We continue from Northern Bloom.
Fleur de Lys takes its rightful place in front of the France Pavilion for the 2019 Epcot International Flower and Garden Festival.
All three savory items are new, while the “Large” Chocolate Macaron Lollipop returns alongside the La Vie En Rose Frozen Slush. The Cabernet hails from a different winery and this year’s Kir is Framboise instead of Pomegranate.
Vichyssoise aux Concombres: Chilled Cucumber Soup – $4.50
I didn’t go into this year’s Flower and Garden Festival expecting to make a friend, but here we are with this happy chilled soup. My assumption is that this is an acquired taste – the flavor profile of this potato-and-leek-based soup is overwhelmingly cucumber and dill with a ton of thick heavy cream mixed in for good measure. I tried a few bites and didn’t hate it, but nobody else in our group would take a second bite and I wasn’t in any hurry to ingest all of the herb-y calories. If you love cucumber and dill and cream then you’re going to be in heaven, but you really, really have to like cucumber and dill and cream.
Tarte au Chévre: Goat Cheese Tart with Caramelized Onions on a flaky Pastry Crust – $5.50
It may not be evident from the picture, but the serving is on the small side. It’s probably just about four inches by three inches, if that. What it lacks in size, it makes up for in butter, though. The crust is nice and flaky, but became kind of limp under the weight of the butter and cheese after sitting in the warmer for so long. There is an incredible amount of flavor here, but the bread is soaked in so much butter that we found the whole thing too rich to eat more than a small bite or two. Be aware of that if you’re considering it.
Canard Confit à la Provençal: Braised Duck Confit with Tomatoes and Olives on Polenta – $6
This reminded me of the dense, soggy polenta that Italy has been serving in one form or another for years. It’s topped with a surprising amount of meaty duck, but the whole thing ended up being mushy and bland after it sits in a warmer waiting to be served for some number of hours. You might do better on freshness and the sauce may be more to your tastes. It’s quite a bit of food for the money, at least. Like the other two items, you may just not want to eat what you have left.
Macaron au Chocolat en Sucette: Large Chocolate Macaron Lollipop – $5.25
Destined to be one of the most popular items at the Festival even if it tasted like dirt, the chocolaty macaron is dipped into more chocolate and then dipped into crunchy chocolate candies.
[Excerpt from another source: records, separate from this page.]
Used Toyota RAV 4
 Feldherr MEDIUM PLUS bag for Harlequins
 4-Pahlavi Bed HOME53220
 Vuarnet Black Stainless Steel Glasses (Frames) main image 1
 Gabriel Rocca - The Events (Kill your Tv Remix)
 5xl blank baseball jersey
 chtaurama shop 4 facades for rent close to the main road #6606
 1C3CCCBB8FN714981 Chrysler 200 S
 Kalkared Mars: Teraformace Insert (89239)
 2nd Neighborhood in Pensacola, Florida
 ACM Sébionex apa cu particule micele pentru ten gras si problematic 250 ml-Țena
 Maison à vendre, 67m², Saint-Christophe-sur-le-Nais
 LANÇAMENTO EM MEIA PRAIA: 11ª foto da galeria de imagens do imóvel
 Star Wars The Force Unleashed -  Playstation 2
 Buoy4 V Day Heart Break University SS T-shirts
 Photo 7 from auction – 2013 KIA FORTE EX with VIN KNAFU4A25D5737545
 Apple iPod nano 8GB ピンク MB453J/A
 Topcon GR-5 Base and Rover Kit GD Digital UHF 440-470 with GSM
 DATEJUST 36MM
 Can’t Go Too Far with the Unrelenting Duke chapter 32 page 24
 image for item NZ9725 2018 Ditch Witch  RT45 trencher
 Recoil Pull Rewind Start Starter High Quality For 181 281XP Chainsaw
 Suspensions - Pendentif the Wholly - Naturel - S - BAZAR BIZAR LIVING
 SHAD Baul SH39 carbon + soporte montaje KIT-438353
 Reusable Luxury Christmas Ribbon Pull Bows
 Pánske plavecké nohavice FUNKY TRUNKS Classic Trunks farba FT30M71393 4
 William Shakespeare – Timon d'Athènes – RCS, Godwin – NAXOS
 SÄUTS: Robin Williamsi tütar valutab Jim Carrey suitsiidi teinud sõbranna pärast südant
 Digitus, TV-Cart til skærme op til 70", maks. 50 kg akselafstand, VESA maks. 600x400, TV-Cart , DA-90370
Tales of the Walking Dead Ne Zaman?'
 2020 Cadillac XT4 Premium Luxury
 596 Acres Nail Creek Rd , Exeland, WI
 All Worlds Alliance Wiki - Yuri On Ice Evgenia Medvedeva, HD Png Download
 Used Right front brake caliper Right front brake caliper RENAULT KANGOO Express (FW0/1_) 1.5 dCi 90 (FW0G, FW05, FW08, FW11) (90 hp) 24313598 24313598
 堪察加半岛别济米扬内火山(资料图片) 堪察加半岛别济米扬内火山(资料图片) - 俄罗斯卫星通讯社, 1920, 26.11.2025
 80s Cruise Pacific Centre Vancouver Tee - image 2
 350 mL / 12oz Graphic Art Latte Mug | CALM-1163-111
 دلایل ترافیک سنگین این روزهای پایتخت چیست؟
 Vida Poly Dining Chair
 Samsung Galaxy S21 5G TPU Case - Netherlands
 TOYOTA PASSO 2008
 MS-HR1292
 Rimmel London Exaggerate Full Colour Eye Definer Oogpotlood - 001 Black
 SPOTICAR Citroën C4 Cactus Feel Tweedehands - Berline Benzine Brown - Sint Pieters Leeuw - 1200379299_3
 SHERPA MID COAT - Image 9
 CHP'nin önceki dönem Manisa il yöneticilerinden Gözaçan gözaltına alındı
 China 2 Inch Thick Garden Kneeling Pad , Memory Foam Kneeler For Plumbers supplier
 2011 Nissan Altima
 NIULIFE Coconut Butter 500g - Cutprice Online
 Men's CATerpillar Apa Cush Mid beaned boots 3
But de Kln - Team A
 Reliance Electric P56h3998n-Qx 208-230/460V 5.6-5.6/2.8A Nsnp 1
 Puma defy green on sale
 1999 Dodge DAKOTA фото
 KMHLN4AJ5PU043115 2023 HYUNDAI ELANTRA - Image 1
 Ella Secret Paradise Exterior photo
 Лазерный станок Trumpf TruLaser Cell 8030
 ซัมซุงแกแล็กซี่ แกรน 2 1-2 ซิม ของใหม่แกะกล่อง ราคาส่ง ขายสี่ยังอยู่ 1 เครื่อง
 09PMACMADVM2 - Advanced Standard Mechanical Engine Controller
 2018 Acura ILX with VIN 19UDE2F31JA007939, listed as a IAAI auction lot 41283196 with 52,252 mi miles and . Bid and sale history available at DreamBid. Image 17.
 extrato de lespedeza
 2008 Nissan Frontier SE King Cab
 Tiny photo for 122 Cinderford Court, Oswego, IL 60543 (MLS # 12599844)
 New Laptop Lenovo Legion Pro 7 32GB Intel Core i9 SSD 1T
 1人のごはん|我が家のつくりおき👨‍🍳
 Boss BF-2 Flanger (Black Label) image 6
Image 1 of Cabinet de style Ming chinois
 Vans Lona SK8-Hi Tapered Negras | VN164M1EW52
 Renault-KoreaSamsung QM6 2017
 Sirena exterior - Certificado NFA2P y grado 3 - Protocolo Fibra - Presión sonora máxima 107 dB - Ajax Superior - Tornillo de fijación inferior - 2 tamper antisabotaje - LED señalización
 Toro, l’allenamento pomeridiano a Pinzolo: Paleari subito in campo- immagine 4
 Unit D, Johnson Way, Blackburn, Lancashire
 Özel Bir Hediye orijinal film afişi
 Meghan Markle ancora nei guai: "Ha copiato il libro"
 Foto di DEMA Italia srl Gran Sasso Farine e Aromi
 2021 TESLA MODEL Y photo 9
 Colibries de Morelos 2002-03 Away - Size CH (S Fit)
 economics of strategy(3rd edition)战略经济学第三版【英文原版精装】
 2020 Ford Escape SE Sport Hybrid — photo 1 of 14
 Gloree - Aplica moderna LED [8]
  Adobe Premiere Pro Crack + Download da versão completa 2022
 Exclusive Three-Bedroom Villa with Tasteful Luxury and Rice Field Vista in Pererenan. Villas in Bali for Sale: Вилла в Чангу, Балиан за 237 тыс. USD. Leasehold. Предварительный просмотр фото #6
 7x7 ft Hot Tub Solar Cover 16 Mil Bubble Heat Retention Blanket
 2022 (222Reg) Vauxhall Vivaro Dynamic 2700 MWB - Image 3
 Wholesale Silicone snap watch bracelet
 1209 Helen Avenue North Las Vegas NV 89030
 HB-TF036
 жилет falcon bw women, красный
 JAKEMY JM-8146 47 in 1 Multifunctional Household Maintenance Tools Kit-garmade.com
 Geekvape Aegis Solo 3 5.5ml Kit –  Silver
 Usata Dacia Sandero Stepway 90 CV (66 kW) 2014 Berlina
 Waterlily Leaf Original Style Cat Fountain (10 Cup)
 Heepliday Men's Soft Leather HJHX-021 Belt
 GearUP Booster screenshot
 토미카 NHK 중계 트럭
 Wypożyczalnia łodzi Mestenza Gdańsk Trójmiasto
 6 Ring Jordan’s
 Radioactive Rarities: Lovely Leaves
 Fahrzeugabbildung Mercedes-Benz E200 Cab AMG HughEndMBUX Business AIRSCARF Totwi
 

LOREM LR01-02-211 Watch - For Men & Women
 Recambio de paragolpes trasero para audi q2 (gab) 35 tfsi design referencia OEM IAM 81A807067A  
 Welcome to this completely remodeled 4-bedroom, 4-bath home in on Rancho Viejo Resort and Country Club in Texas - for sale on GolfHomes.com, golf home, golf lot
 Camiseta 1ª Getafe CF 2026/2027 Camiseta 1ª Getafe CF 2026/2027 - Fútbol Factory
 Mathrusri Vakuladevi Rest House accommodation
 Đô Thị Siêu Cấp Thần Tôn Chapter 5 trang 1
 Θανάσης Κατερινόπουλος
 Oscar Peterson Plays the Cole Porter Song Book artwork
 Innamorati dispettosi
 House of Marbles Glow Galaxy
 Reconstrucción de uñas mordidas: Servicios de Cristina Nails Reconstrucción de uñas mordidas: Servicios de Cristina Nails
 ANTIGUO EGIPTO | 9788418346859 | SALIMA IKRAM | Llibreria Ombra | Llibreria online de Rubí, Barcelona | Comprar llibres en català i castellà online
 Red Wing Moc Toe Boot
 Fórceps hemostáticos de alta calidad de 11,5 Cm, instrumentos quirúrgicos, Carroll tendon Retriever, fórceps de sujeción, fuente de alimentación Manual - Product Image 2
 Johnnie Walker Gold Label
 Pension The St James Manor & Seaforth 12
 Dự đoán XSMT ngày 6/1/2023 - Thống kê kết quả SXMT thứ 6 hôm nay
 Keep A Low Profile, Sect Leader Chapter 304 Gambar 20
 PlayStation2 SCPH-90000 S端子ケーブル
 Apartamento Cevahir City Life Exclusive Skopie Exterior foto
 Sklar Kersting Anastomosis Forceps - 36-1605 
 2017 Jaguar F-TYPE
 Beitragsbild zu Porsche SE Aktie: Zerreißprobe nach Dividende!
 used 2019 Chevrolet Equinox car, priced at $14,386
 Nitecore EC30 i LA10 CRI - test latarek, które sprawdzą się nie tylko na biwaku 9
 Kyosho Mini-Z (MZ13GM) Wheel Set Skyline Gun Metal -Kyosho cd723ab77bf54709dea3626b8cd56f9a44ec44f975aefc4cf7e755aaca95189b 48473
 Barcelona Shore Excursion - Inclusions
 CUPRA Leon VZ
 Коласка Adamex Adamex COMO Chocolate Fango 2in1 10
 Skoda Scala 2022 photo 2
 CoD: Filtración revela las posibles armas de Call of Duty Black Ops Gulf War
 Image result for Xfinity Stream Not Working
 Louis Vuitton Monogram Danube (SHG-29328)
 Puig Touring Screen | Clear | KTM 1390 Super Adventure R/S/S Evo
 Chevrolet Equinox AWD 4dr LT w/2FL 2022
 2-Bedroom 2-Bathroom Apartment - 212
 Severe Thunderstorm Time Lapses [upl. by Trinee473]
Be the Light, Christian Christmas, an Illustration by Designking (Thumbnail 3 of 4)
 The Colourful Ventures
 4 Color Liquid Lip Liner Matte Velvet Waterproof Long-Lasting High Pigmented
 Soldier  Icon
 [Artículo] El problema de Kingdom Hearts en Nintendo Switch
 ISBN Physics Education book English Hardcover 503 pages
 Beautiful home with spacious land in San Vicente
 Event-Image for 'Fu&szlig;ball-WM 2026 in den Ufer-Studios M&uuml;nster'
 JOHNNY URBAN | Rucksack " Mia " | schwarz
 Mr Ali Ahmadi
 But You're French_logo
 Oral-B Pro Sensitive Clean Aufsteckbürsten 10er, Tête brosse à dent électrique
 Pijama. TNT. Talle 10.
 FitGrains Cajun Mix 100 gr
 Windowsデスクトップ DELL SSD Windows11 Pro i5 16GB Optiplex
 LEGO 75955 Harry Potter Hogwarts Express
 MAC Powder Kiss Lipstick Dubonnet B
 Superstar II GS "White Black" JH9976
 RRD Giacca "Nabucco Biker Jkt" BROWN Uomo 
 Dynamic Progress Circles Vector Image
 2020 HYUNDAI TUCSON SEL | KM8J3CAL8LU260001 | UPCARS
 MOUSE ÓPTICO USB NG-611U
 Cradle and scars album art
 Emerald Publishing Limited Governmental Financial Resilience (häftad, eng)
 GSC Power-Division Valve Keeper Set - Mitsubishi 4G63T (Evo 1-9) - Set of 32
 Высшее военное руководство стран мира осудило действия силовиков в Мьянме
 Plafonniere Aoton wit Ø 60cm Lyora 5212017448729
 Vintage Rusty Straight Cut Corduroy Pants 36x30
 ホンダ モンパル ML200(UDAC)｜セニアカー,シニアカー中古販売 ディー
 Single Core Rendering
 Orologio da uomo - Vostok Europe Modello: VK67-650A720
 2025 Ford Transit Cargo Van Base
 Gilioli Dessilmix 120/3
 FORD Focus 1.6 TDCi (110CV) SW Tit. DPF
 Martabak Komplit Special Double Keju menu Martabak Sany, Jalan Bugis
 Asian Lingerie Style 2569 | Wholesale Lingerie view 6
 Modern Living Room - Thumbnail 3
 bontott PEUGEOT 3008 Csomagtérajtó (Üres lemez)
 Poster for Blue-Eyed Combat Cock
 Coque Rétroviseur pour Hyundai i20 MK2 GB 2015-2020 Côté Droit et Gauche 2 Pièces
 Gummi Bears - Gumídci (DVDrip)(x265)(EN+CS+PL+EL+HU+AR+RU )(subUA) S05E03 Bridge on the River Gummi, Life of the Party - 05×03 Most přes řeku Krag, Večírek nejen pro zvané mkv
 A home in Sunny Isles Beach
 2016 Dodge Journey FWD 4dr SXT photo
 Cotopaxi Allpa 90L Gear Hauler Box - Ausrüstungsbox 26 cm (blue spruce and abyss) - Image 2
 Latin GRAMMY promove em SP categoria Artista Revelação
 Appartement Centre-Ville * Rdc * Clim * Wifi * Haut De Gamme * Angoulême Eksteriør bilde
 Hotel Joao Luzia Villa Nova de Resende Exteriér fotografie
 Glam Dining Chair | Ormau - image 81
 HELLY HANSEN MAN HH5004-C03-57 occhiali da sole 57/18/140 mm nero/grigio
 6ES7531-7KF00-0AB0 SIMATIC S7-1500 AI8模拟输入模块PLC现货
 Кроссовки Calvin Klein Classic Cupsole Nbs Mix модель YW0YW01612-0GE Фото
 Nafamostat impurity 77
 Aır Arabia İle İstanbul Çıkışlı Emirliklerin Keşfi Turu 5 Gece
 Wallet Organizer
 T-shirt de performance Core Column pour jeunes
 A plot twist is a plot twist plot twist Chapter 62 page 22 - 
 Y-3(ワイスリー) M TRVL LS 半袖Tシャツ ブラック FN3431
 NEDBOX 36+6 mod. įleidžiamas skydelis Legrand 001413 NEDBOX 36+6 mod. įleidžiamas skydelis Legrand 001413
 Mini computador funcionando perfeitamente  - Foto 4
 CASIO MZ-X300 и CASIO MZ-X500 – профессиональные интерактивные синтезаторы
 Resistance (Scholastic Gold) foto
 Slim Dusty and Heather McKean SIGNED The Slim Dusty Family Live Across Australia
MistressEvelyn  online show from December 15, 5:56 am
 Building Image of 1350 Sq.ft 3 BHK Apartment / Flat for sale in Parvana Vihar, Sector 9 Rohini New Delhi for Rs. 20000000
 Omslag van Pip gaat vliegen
Add the chocolate ganache filling in between the crispy, chocolate meringue cookies, and the fact that it’s served chilled, and you have an incredibly refreshing, incredibly chocolaty dessert. Plus it doesn’t taste like dirt. At all! It’s a dollar more than I’d like to spend, but you can’t put a price tag on novelty or the possibility of adding two or three followers on Instagram. A worthy investment.
La Vie en Rose Frozen Slushy: Grey Goose Orange, St. Germain Liqueur, White and Red Cranberry Juice – $10.75
It’s one of my favorite returning frozen cocktails and far more glamorous to carry around than one of the thimble-sized plastic cups in which the majority of the drinks are served. It’s not too sweet and the vodka flavor is present, but almost completely masked by the juices and liqueurs. The portion is larger and the price is lower than most of the cocktails served by the Disney-operated Outdoor Kitchens as well.
Kir Framboise: Sparkling Wine and Monin Raspberry Syrup – $7.95
This easy-drinking cocktail is at least 98% alcohol, which is a step up from most drinks that are largely thawed fruit juice. The sparkling wine that they use isn’t fantastic, but the subtle, fruity flavors of the syrup help mask that and provide for a pretty color. Similar drinks are always available in France, but you could do a lot worse if you’re stopping at the Kitchen for another item.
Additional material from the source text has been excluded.